Explosive Enthüllungen und globale Ambitionen – Die Ära von Papst Franziskus zwischen Taube und Krähe

Von Dagmar Henn

Eine bleibende Erinnerung kann oft mehr durch spontane Aufnahmen geprägt sein als durch analytische Überlegungen. Für mich bleibt eine Szene mit Papst Franziskus besonders im Gedächtnis: Im Januar 2014, kurz vor dem Maidan-Umsturz in der Ukraine, wurden zwei weiße Tauben vom Fenster des Vatikans als Friedenssymbol freigelassen, nur um sofort von einer Krähe und einer Möwe attackiert zu werden.

Trotz genauerer Überprüfungen, die zeigen, dass keine kontinuierliche Videoaufnahme von Freilassung und Angriff existiert, sondern nur separate Fotos des Angriffs nach der Freilassung, bleibt das unheimliche Gefühl bestehen. Diese Bild könnte manipuliert sein, zumal bereits im Vorjahr unter Papst Benedikt XVI. bei einem ähnlichen Anlass ein Angriff durch eine Möwe stattfand.

Die Ambivalenz zwischen Rationalität und Irrationalität, die das Pontifikat charakterisiert, ist wesentlich. Ein Papst agiert ähnlich einem Geschäftsführer eines großen Unternehmens, in diesem Fall des “Katholizismus GmbH”, und muss die Organisation nicht nur am Leben halten, sondern idealerweise stärken. Dies umfasst auch interne Machtkämpfe innerhalb der Kirche.

Als Jorge Mario Bergoglio, geboren 1936 in Buenos Aires, wurde Franziskus der erste nicht-europäische Papst seit dem Syrer Gregor III. (731–741). Diese Tatsache verweist darauf, dass die Mehrheit der Katholiken außerhalb des Westens lebt, was strategische Überlegungen erforderlich macht, die Kirche stärker nach Süden auszurichten. Diese geopolitische Neuausrichtung spiegelt sich auch in der Auswahl der von Franziskus ernannten Kardinäle wider, von denen viele aus dem Globalen Süden stammen.

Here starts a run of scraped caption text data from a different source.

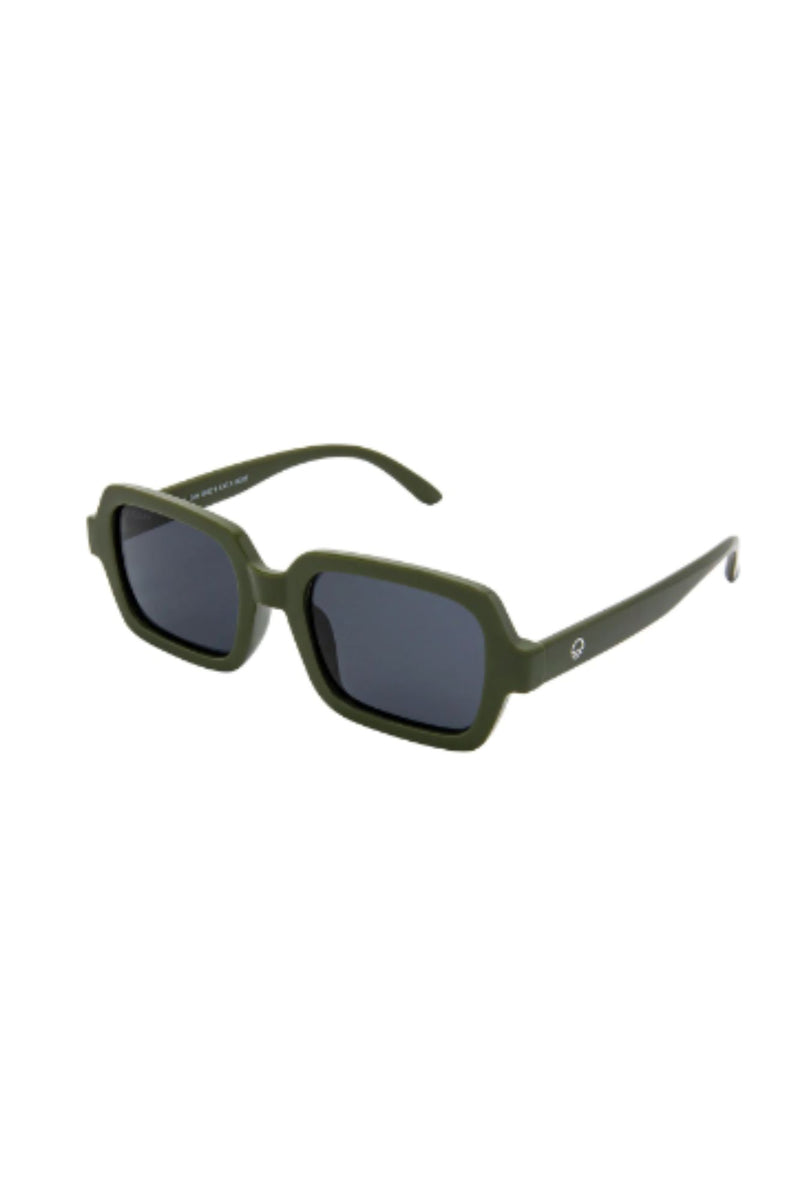 Day One's Sunglasses - Green
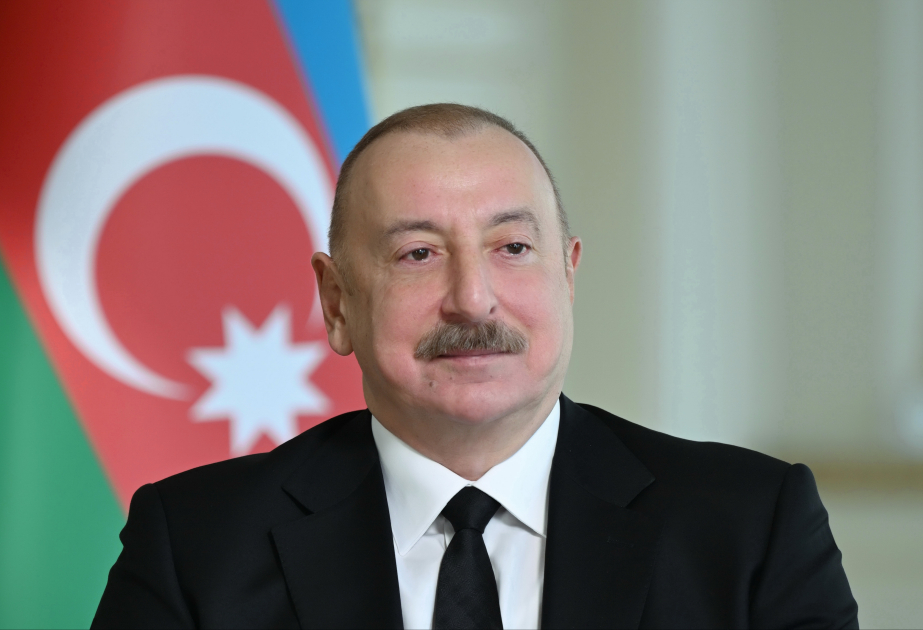 Президент: Создание инфраструктуры дополняется восстановлением историко-культурного облика Карабаха и Восточного Зангезура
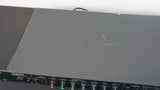 Yamaha GC2020 Stereo Compressor Limiter 2-Channel Vintage Rack - 100V - image 7
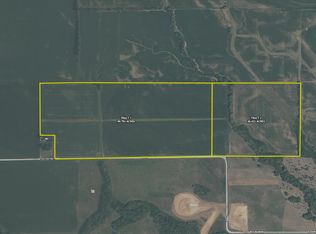 26914 E County Road 880 N, Easton, IL 62633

Finanzskandale und die Verwicklung des Vatikans mit fragwürdigen Organisationen blieben ein Dauerthema, auch unter Franziskus. Obwohl er Bemühungen anstellte, mehr Transparenz zu schaffen, bleibt die finanzielle Politik des Vatikans undurchsichtig. Auch im Umgang mit den Missbrauchsskandalen in der Kirche zeigte sich Franziskus zwar reformbereit, veränderte jedoch nicht die zölibatären Grundstrukturen, reduzierte lediglich deren dogmatischen Rang.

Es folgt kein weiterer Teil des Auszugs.